Summary of ICA Institute Study Group held on September 24, 2005
Year published: 2005
Dr. Penelope Prime, Director China Research Center, Kennesaw State University Kennesaw, GA USA
The Current Situation
After the Cold War, private capital flow replaced official development assistance as the main form of capital transfer around the world. There is increasing demand for primary products: China and India have made normally inelastic price commodities like farm produce attractive again because of their huge populations and rapidly growing economies. There is also high mobility of labor and capital. There is wage pressure on the U.S. middle class because China and India present cheap labor options that are attractive to U.S. companies, who would rather outsource than pay higher wages at home.
U.S.- Trade Deficit
The panel agreed that trade deficit is not always a bad thing. However, if the U.S. trade balance continues to increase as a percentage of GDP, it may not be sustainable.
The panel discussed timing as an interesting insight into U.S. trade deficits. Something significant could have happened in the mid-1990s because that is when the deficit started growing exponentially. The panel discussed factors possibly causing this:
- The 1997 Asia crisis – The meltdown of 1997 decreased Asian demand for goods and services.
- Dotcom crash – could have added cost pressures for US manufacturers.
- Decreased value creation – agriculture and manufacturing declined while capital- intensive production increased which indicates that the U.S. economy is now services-based, pointing to increased consumption.
Concerns for U.S.
- Asia is financing U.S. debt, which makes the U.S. vulnerable and could give Asia a stronger influence on U.S. policies.
- Cost of maintaining global dominance – there are political considerations that may be contributing to deficit e.g. to ensure cooperation in the U.S. dominated global system, significant financial costs have to be incurred.
India and China – Their Issues and Policies
China’s economic expansion is structurally flawed because it is exclusively export- oriented. There is no liberalization to spur domestic economic activity, which could be problematic for China if there is decreased demand for its goods abroad. India understands this and is trying to encourage domestic, demand-driven growth. Foreign companies are usually in India to serve the domestic market.

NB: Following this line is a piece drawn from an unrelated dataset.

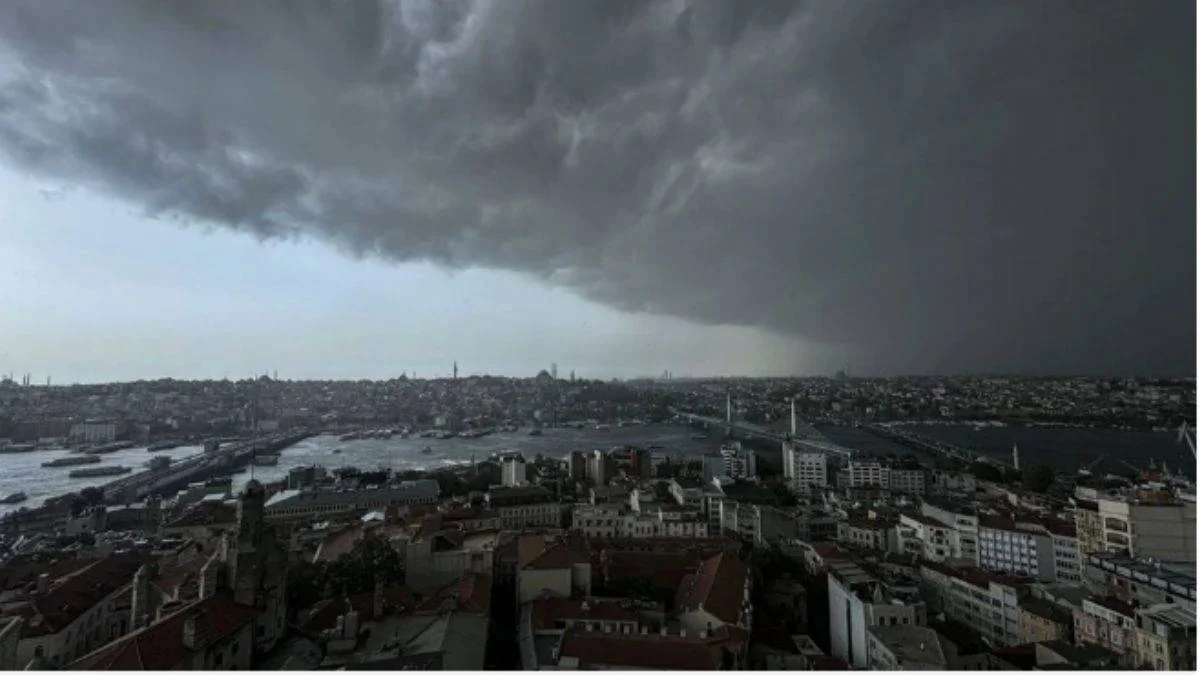 İstanbul'a ani hava uyarısı: sel, yıldırım ve dolu bekleniyor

Another problem that belies China’s success story is that over half of exports from China are from foreign companies and most of the rest is from state-owned companies. It means that very few private entities are being encouraged to compete in the economy, which is bad for innovation and not a sign of a healthy economy. The conclusion was that China’s democratic reforms (which open up private enterprise) must go hand-in-hand with its economic liberalization.

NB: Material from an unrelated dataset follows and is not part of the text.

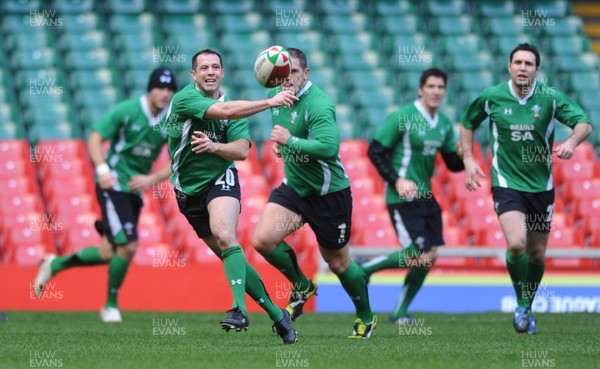 20.11.09 - Wales Rugby Captains Run - Gareth Cooper makes a pass during training.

Evidence shows that consumption as a fraction of GDP is declining instead of growing. On the other hand, savings are increasing. This is further evidence to support the panel’s conclusion that China has a lot of liquidity but has not invested it much in ways to fuel consumer demand.
The U.S. can use China’s over-reliance on exports as leverage to influence change in trade policies that could improve the U.S. trade balance. Any changes will be slow and difficult given several factors:
- Tension between bureaucrats and technocrats
- Effect on local businesses (e.g., revaluation could force thousands out of business)
- President Hu Jintao is not necessarily a reformer (more interested in preserving communist power structure, etc.)
There is growing backlash in China over the government’s policies. Many average Chinese citizens are not seeing the benefits of FDI in China so foreign companies are feeling some pressure. The government is concerned that uneven growth is contributing to social tensions.